Death row Nigeria

by Sokari on October 22, 2008

in Human Rights, Nigeria

Hundreds of Nigerian prisoners are being held on death row many of whom have been tortured or whose trials were not conducted properly.

“The police are overstretched and under-resourced. Because of this, they rely heavily on confessions to ’solve’ crimes – rather than on expensive investigations,” Ms van Kregten said.

Ledap, the Nigerian legal organisation which co-authored the report, says that under Nigerian law, confessions under torture cannot be used as evidence in court

Judges know that there is widespread torture by the police – and yet they continue to sentence suspects to death based on these confessions, leading to many possibly innocent people being sentenced to death,” Ledap’s national co-ordinator Chino Obiagwu said.
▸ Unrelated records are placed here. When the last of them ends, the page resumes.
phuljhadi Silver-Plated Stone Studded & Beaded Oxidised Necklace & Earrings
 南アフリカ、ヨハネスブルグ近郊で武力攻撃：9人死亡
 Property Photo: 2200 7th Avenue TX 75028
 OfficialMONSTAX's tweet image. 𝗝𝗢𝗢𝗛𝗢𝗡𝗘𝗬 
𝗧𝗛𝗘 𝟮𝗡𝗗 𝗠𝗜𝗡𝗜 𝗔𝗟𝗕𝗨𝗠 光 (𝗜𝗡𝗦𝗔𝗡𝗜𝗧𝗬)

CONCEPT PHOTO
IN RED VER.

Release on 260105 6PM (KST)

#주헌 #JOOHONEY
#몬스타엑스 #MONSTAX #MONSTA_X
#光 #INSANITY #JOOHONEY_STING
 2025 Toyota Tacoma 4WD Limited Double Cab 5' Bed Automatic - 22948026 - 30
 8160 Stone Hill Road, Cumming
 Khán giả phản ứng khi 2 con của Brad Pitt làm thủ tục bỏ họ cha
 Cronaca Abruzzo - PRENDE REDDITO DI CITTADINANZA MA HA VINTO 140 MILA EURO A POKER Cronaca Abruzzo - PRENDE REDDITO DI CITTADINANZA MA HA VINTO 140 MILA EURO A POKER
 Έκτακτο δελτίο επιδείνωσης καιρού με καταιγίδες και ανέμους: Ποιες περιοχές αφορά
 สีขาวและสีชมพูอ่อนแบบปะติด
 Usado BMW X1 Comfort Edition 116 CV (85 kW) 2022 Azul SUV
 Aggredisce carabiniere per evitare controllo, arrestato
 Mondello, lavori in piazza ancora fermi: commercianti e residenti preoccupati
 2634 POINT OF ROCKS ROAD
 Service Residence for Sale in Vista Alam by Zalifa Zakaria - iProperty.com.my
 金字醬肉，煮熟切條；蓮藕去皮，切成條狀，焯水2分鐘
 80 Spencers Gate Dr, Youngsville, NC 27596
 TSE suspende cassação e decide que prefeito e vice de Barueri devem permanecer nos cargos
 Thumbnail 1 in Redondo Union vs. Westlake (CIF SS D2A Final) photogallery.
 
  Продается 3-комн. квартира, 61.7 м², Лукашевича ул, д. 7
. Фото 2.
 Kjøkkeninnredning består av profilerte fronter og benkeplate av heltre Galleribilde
The report ties in with an interview I did last year with Damien Ugwu from the Nigerian Civil Liberties Organisation on torture by police in Nigeria. Damien highlighted the police tendency to target young men, poor people as criminals. The torture statistics are extremely high with 99% of people detained by the police were likely to experience physical or mental torture. Most of the torture is performed by by junior ranking police officers many of whom have not had proper training plus they are under pressure to get results. Although there is no official policy there is a culture of torture with most police stations having a torture chamber and an officer in charge of torture.